Понятно, что такие известия не могли усладить невзгоды нашего осеннего пути. Поневоле пришлось вспомнить пословицу: "Как на охоту, то и собак кормить!" В средине похода, вдруг явился приказ по дивизии, чтобы полки на дневках занимались стрельбой, а во время переходов малыми маневрами.

Усталому, измученному солдату, которому предлежал долгий поход, сходить с дороги и маневрировать в осенней грязи дело немыслимое. О стрельбе также нельзя было думать под дождем и при настигшей нас в скором времени зиме. Неудивительно, что распоряжение это осталось без исполнения, будучи невыполнимым само по себе.

Однако штуцерные стреляли на днёвках, во что бы ни стало.

Граф Баранов все более и более выказывался другом офицеров, не переставая быть начальником. Оказалось, что он радушный хлебосол, и не только весь штаб объедал у него каждый день, но и караульный офицер, а зачастую и посторонние гости, тоже из офицеров.

Я помню, что стоял раз в карауле и после простого, но вкусного обеда, полковой командир взглянул на новенькие еще полковые знамена, стоявшие в углу его квартиры, и сказал: - Эх, кабы удалось нам приукрасить их следами неприятельских выстрелов!

Граф Баранов вообще ослабил форменный ремень, не придирался к мелочам, старался, напротив, облегчить каждому походное бремя, и служба от этого конечно не терпела, а еще выигрывала.

1-го октября была объявлена перемена маршрута: вместо того, чтобы следовать на Ломжу, мы у Вилькомира должны бы свернуть с шоссе и, через Ширвинты и Мейшаголы, вступить в Вильну (1-я гвардейская пехотная бригада, вошедшая в период Крымской войны в состав армии, охраняла побережье Финского залива).

Моя корреспондентка описывает носившиеся в Петербурге слухи о причинах перемены нашего маршрута, в письме от 22 сентября 1854 года.

"Сегодня я опять слышала подтверждение, что ваш маршрут изменен, потому что король Прусский не нуждается в пехоте, а в кавалерии, - слова слишком таинственные, чтобы не искать в них смысла... Слышала из других уст, что войскам переменили маршруты, потому что король Прусский обижается, зачем к его границам подвигают войска, когда он часть своих распустил".
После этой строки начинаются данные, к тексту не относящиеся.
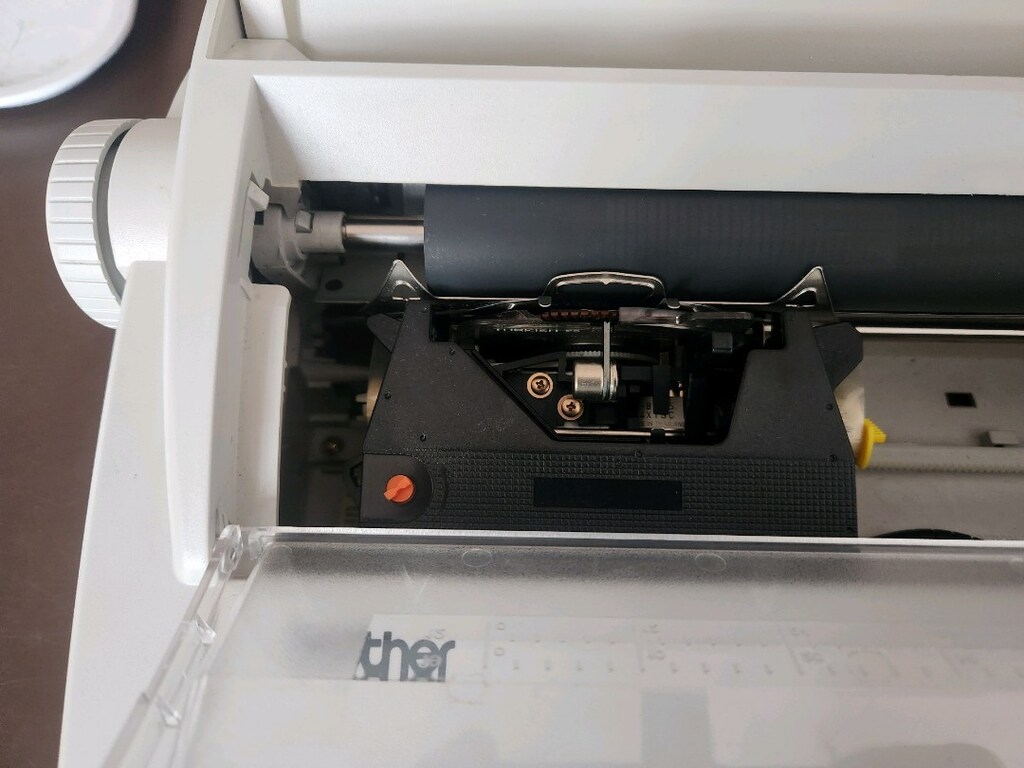 brother ax 310 elektrikli daktilo - 4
Вот еще интересная выдержка из письма от 15 декабря на счет пруссаков и анекдот о русском немце. Говорят, король Прусский отказывается от престола и едет на днях в Россию. Как король, так и войска расположены в нашу пользу; народ - против нас.

Пруссаки ненавидят австрийцев точно так же, как французы англичан. Один немец, проживавший долго в России, с грустью смотрел на вывешенную (где-то за границей) афишку, на которой крупными буквами напечатано: "Севастополь взят".

Но когда немец прочел далее: 35000 русских сдались... он радостно вскрикнул: - Шампанского! Все ложь! И 35 русских не сдадутся, а не только что 35000!